Some of it comes back to Poe’s Law and other “rules” of the internet.
In web communications, particularly blogging, you’ve got a certain set of tools you can use to educate your visitors as to the tone you’re taking. The terms you use, and the way you use them is a big part of that.
One of the many informal rules of the internet, Poe’s Law basically states that; without sufficient framing, it’s really hard to tell whether something you see on the internet is genuine, parody, sarcasm, or zealotry.
On the internet, no one can hear your smirk.

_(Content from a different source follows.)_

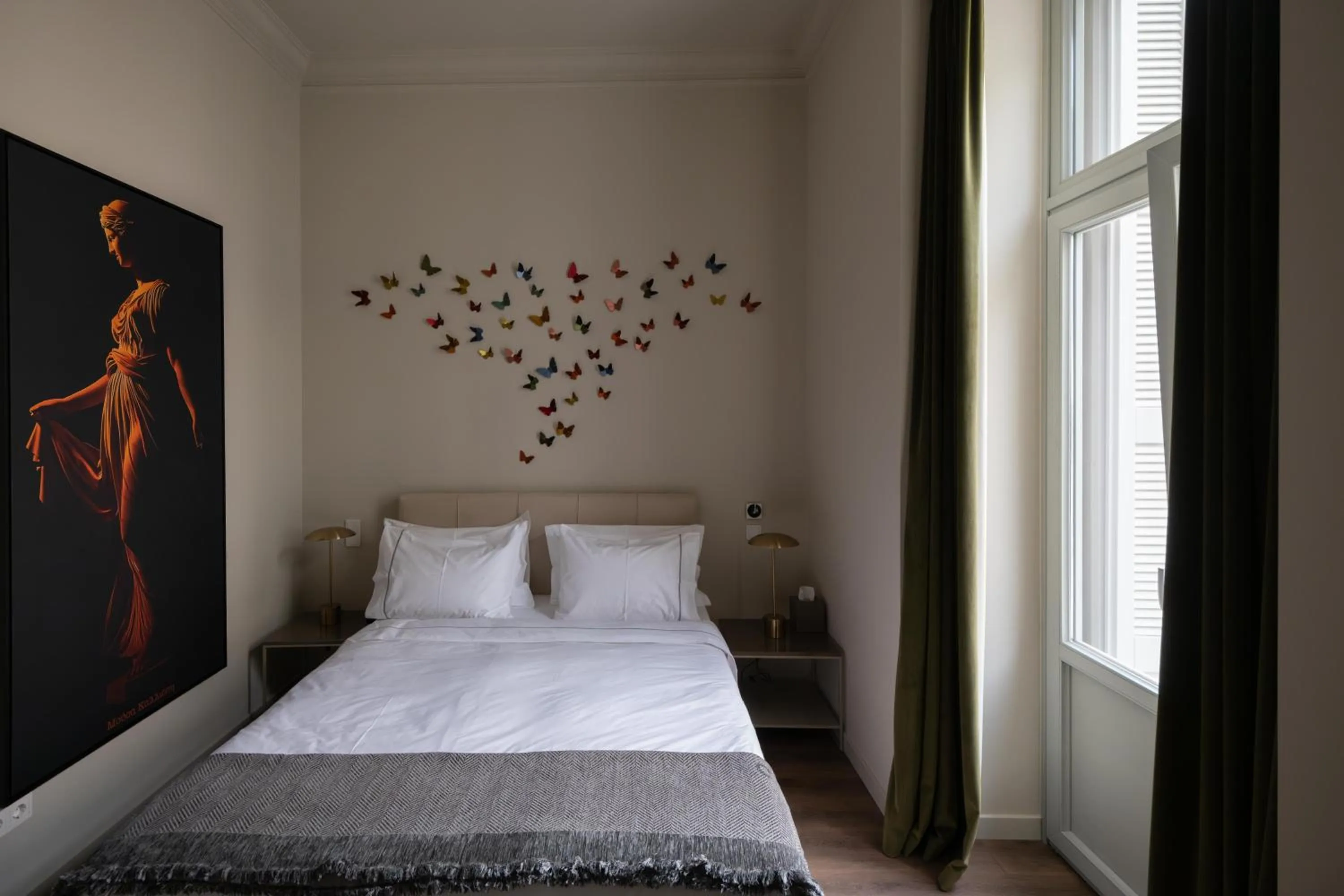 Bedroom, Bed in Nine Athens Hotel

There are a lot of internet guiding principles like Poe’s Law, but most of them come down to similar messages; in general, the more you focus on clarity, authenticity, and avoiding buzzwords or common mainstay arguments, the better people tend to understand you. Authenticity is important here. It doesn’t always work, but it works better than just about any two words in that opening paragraph.
Two kinds of jargon – one good, one bad.
Jargon comes down to two primary categories;
- Terms that are used by an industry as a shorthand for bigger processes, and
- Terms used to create a sense of mystery or importance that isn’t necessary
You can find ways to turn just about anything into a near-taboo phrase – even words like authenticity. It’s using phrases to create mystery, rather than creating understanding, that’s the problem.
You’ll find a lot of people everywhere using really big words to sound smart or important, without needing to. This happens so often in academic circles that a paper on the subject entitled “Consequences of Erudite Vernacular Utilized Irrespective of Necessity: Problems with Using Long Words Needlessly” ended up winning an Ig Nobel Prize in 2006 for its address of the problem.
In both inbound marketing and content strategy, the message remains; if you don’t need to use a big or arcane term, don’t. Your readers will thank you for it.
Occasionally, jargon – especially industry-related jargon – is unavoidable.
For those of us working in technical organizations, regulated industries, for associations, or anywhere with a lot of red tape associated with them, jargon actually makes life easier.
It’s far less complicated to talk about “clickbait articles” or “listicles”, for example, than it is to talk about “short-form text content” in the same sentence. Your business probably has some of these terms as well, either words or phrases you use because they stand in for much longer ideas in a way that’s meaningful to you, your clients, and your coworkers.
When approaching marketing materials, however, there are some things you can do to bring visitors and those not familiar on board with your jargon in smooth ways that make you more approachable, rather than encouraging mysterious business.
If you must use jargon, here are some ways to make it easier to understand
If it’s an acronym, use the <abbr> tag in your html. This tag lets you add some information, like the expanded form of the term, right into your text. It’s good for readers as it gives them a queue that you’re not just hiding behind the abbreviations, and it’s good for search engines, which like context and hints.
Explain your terminology. Sometimes, this can be done within a given document – either in a <blockquote> and/or <cite> setting (again useful for both users and search), with an image that depicts a process you’re talking about, or by taking a paragraph to define your premise before moving on to the value of the piece itself.
Create content that details your terms and shorthand. There are a lot of ways to do this, but if you’re going to be referencing a given term or process repeatedly, it’s worth having some in-depth content to address it. Sometimes in the form of blog posts you can link to (as we did with Clickbait as a term above), or in the form of product and service pages you can cite with links inside other documents.
Your job, when it comes to marketing, is to make a very clear value statement.
That’s it. That’s all. Sure, there’s a lot of detail and nuance that goes into that job – but at the very bottom level, clearly communicating your business’ value to others is what’s important.
Nowhere in that, unless you’re selling suspense (which is mostly the job of entertainment media) does encouraging your potential clients to be confused or less informed make sense.